Saturday, February 7, 2009

Identity Theft





I now have a mustache. I also have a charge on my Sears card for a vacuum cleaner purchased in California. I am male and my name is Javier. I'm not bad looking. But if you know anything about me, you know I live in Texas and just survived menopause. Put this all together? Identity Theft. It happened to me. I discovered it when my bank sent my debit card with Javier's photo on it. My name, but Javier's picture. He had stolen by social security number, opened several bank accounts and charged $150 at Sears.

I was incensed when I called the bank branch in California and they told me I had to prove who I was, that the social security number belonged to me and not Javier. I contacted the credit agencies and answered questions about my life- when and where I was born, if I was married, how long I'd lived at my present address. I felt violated. Someone had used my life to recreate their own. Javier didn't care about me, what he was doing to my life, my credit history, my future. Javier only cared about Javier.

Identity Theft is a crime. I had to fight to protect myself against it. But what about those who are too small and weak to fight a crime perpetrated against them?

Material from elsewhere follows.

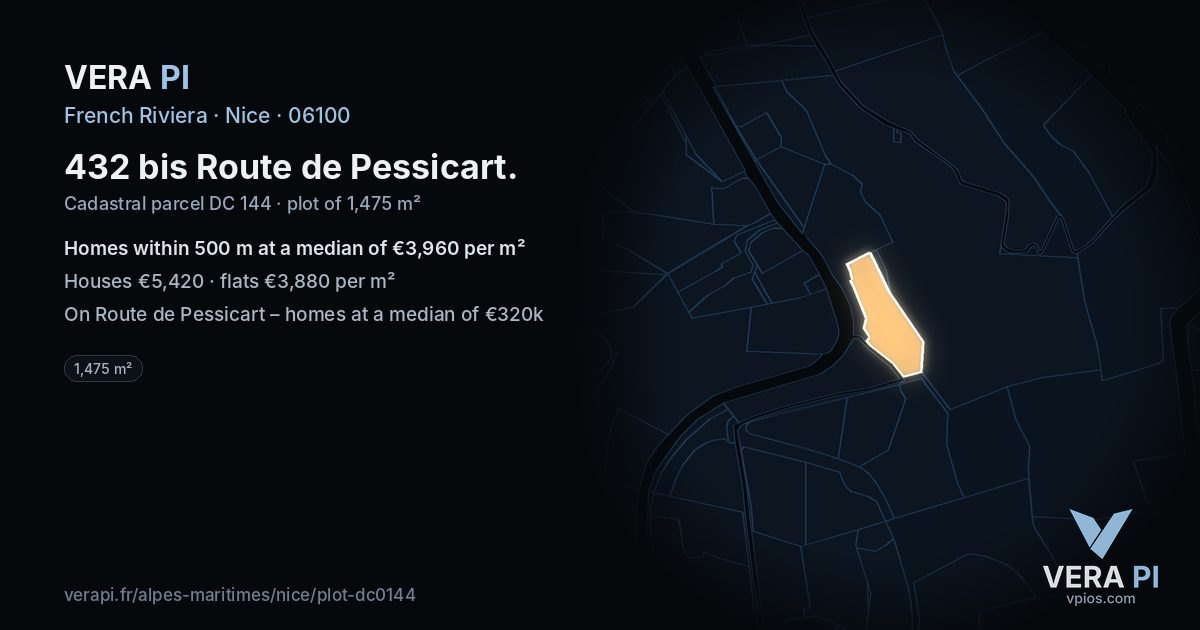 432 bis Route de Pessicart, Nice at night – the plot lit, the parcels around coloured by the prices near them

When an unborn child experiences an elective abortion, his identity is ruthlessly stolen. His right to personhood is taken in the most brutal way. Our society is saying we don't care about this child, what pain he experiences as his body is sliced into removable pieces, his right to be born, his right to a future. We don't care about his identity, we only care about our own.

But this child's identity is intimately linked to us. Edward Albee, American playwright and a three time Pulitzer prize winner for Drama (Who's Afraid of Virgina Wolff, Three Tall Women, A Delicate Balance), was often asked what his plays were about. One time he had this answer:





"You know, if anybody wants me to say it, in one sentence, what my plays are about, they're about the nature of identity," Albee finally says. "Who we are, how we permit ourselves to be viewed, how we permit ourselves to view ourselves, how we practice identity or lack of identity."

Albee says identity is not just how I see myself, it's also how I permit myself to see myself. In other words, I might conveniently blind myself to something I know is there, but don't want to admit to.

As a society, we also have an identity. And we also conveniently blind ourselves. We are a nation with laws that protect and give rights to the masses. But what about the most basic human right- the right to be born? We cannot admit we approve laws that allow a child to be killed as it sleeps in the warmth of the womb.

If we perceive the unborn as a mass of cells with no identity, then what might this say about the way we treat human life in general? Could this contempt for our earliest beginnings be reflected in the increasing suicide, murder, child abuse, spousal abuse, abuse of the elderly, alcoholism, drug abuse rates occurring in this country? I think yes. A respect for the identity of the unborn is connected like an umbilical cord to the identity of all human beings. Only it is the unborn that protects humanity. Without the desire to protect the unborn, our society is defenseless against all evil.

I was able to prove who I was to my bank, but the child in the womb cannot prove he is human. He is completely dependent upon us to speak for him. If we as a society do not stand for the right to be born, we have stolen not only the child's identity, but our own as well.